Segment Start: Input data

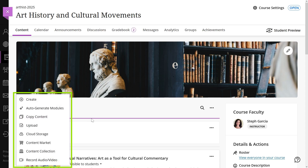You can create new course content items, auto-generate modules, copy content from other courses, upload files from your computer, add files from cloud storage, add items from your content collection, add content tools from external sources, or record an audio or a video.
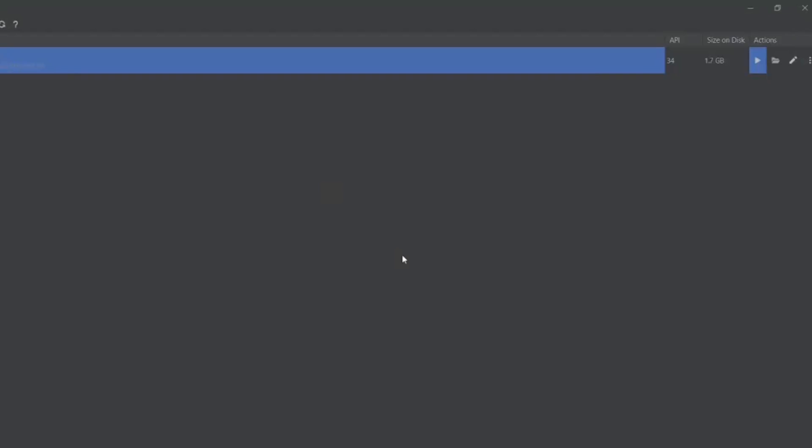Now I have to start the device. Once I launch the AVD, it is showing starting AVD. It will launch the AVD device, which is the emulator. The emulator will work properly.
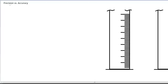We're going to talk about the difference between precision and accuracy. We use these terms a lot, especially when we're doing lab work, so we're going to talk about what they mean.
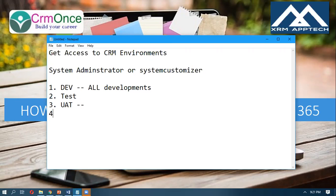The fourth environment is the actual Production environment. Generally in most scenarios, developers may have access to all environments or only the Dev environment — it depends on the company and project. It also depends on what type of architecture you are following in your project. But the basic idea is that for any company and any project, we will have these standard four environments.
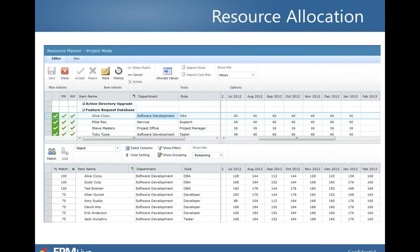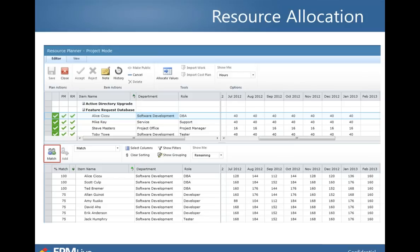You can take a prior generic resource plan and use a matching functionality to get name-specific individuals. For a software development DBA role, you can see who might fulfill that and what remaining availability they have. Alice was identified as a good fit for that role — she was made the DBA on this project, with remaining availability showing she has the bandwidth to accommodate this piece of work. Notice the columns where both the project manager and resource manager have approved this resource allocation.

Segment End: Input data
Segment Start: Input data

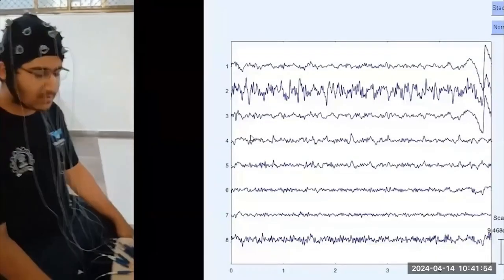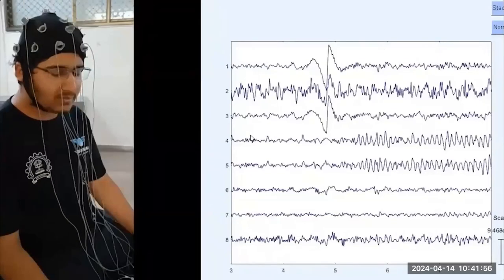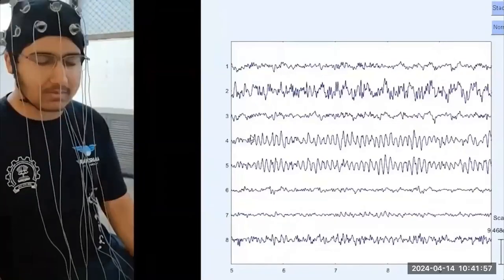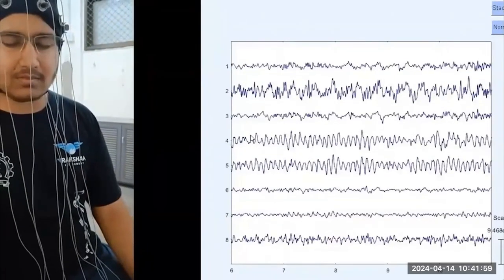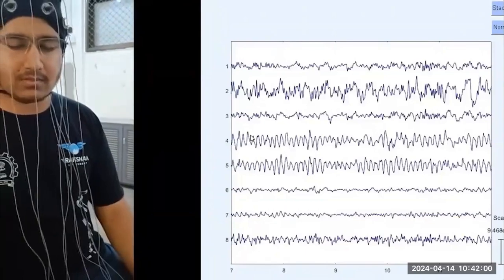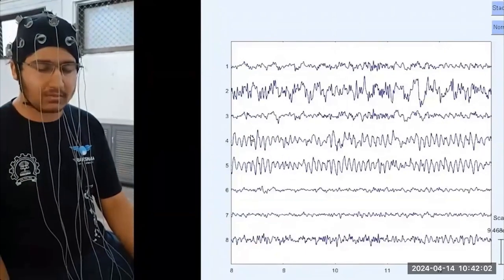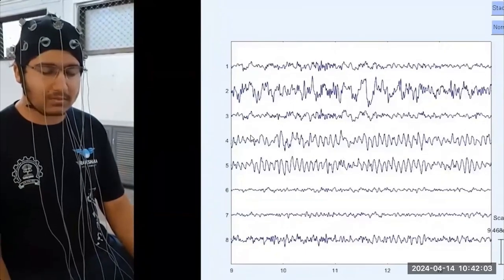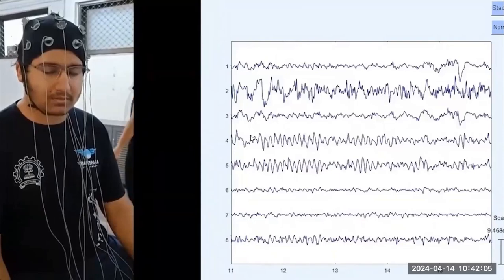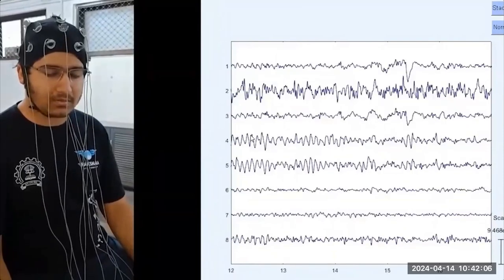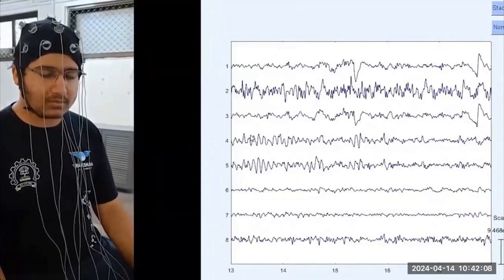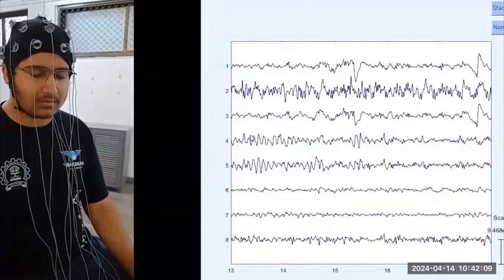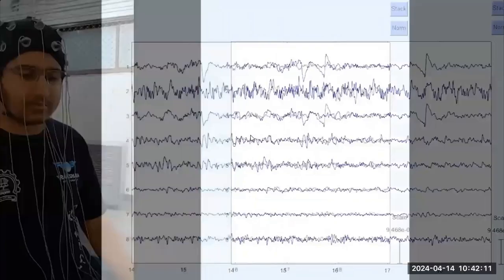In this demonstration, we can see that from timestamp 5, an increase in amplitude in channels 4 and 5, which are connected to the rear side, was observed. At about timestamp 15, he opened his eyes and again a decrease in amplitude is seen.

Segment End: Input data

What the exercise asks — In the listing above, find the line holding "You can create" and the line holding "Now I have to". Reproduce those two lines and all between them exactly, leaving out pictures.

Answer space —
You can create new course content items, auto-generate modules, copy content from other courses, upload files from your computer, add files from cloud storage, add items from your content collection, add content tools from external sources, or record an audio or a video.
Now I have to start the device. Once I launch the AVD, it is showing starting AVD. It will launch the AVD device, which is the emulator. The emulator will work properly.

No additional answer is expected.